Start of Data supplied

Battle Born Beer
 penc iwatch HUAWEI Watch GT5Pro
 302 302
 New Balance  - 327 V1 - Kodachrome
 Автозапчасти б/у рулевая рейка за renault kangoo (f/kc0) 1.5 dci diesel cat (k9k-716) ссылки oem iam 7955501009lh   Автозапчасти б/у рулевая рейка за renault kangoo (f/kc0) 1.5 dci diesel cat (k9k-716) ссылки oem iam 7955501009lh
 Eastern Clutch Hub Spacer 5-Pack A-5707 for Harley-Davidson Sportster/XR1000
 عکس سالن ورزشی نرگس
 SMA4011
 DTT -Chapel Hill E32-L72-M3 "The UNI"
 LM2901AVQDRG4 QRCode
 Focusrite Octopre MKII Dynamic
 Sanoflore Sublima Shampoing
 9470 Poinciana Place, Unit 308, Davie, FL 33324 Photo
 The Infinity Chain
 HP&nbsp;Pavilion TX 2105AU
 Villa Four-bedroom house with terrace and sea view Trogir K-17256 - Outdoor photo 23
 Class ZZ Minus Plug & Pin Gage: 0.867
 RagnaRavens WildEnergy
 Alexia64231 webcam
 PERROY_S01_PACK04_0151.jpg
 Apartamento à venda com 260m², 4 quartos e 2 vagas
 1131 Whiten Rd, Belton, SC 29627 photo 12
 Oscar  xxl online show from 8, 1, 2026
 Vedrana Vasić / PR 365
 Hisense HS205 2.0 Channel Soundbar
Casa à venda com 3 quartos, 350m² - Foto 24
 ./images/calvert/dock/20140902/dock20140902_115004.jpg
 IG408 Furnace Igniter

End of Data supplied

*What to do*: Check every line of the data for the string "venda". Give the number of lines that have it, and only that.

*Answer*: 2